The neuroscience of connection

Photograph of a mother playing with her smiling baby

Babies notice when there is a similarity between their own actions and those of others. They participate in conversations, ‘taking their turn’ once their partner has finished making a funny face or crooning ‘cootchy-coo’. They detect when someone is looking at them, and certainly detect when someone has turned away. In short, babies are born with brains already able to make meaning – especially emotional meaning – from the experiences they have with other people.

Moreover, neuroscience is teaching us that brain development is influenced by those experiences. Brains do not unfold in accordance with a predetermined genetic plan. Instead, they are organic. Pathways grow out of the specific interactions that babies have with their world. ‘Do I live in a world where lots of people smile at me, or do I live in a world with only a few people, all of whom are more likely to be shouting than smiling?’ Evolution has ensured that babies can survive in either setting.

Our emotional adaptability can be seen as similar to our geographic adaptability. Humans can survive in warm climates, like the Mediterranean, and cold climates, like the Arctic. But life looks very different in these two regions, and they require different sets of skills and knowledge to cope with them. Life is harder when you have to battle against the elements, as opposed to life where the climate is less exacting.

Emotional adaptability is the same. Babies can learn to survive in a cold emotional climate, where they receive a low rate of responsiveness and warmth from other people. It won’t kill them. But it will make life harder, more effortful, less relaxed, more demanding.
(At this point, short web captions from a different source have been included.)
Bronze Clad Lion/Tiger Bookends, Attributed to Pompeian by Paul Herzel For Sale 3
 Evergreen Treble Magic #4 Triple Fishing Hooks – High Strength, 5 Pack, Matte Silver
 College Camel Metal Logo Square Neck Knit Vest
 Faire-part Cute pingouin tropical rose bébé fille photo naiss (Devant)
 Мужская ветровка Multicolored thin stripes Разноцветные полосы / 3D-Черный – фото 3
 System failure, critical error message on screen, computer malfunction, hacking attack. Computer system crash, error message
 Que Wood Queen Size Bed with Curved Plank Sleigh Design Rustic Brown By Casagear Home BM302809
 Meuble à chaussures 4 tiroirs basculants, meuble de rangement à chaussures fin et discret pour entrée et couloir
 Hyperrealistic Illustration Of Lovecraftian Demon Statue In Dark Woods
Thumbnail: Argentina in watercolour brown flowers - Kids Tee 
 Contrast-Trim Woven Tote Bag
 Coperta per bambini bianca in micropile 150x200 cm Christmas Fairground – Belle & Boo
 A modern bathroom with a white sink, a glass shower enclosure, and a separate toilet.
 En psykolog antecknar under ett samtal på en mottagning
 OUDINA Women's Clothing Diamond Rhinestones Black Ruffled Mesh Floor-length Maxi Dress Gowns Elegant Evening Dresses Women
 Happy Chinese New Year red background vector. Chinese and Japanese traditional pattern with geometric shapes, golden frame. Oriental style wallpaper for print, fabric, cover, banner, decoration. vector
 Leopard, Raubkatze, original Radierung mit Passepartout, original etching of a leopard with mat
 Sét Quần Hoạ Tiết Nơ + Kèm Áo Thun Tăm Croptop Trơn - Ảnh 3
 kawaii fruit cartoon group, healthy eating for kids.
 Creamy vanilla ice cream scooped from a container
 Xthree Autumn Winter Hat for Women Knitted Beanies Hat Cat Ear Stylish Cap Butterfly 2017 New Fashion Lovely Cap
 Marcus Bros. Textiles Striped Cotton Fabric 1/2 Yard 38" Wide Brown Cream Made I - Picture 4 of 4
That’s the point of the terrible stories about Eastern European orphanages: children were dying from a lack of human responsiveness. They couldn’t survive in a landscape of emotional ice. When we ask babies to develop the skills – the biology and brains – to manage cold emotional climates, we are asking them to live harder, more stressful lives. Stress takes a heavy toll.

Society pays a price when a large proportion of our members are carrying brains that learned the world is a cold emotional place. Our rates of mental illness, physical illness and violent behaviour rise. Two questions we could ask ourselves, then, are: do we want to keep paying such societal prices, and do we want our children to develop brains suited to landscapes of emotional ice or emotional sunshine?

This is one reason that neuroscience is so exciting. It helps us to understand how a whole set of societal issues is related, once we understand one core insight: that babies come into the world already connected to other people.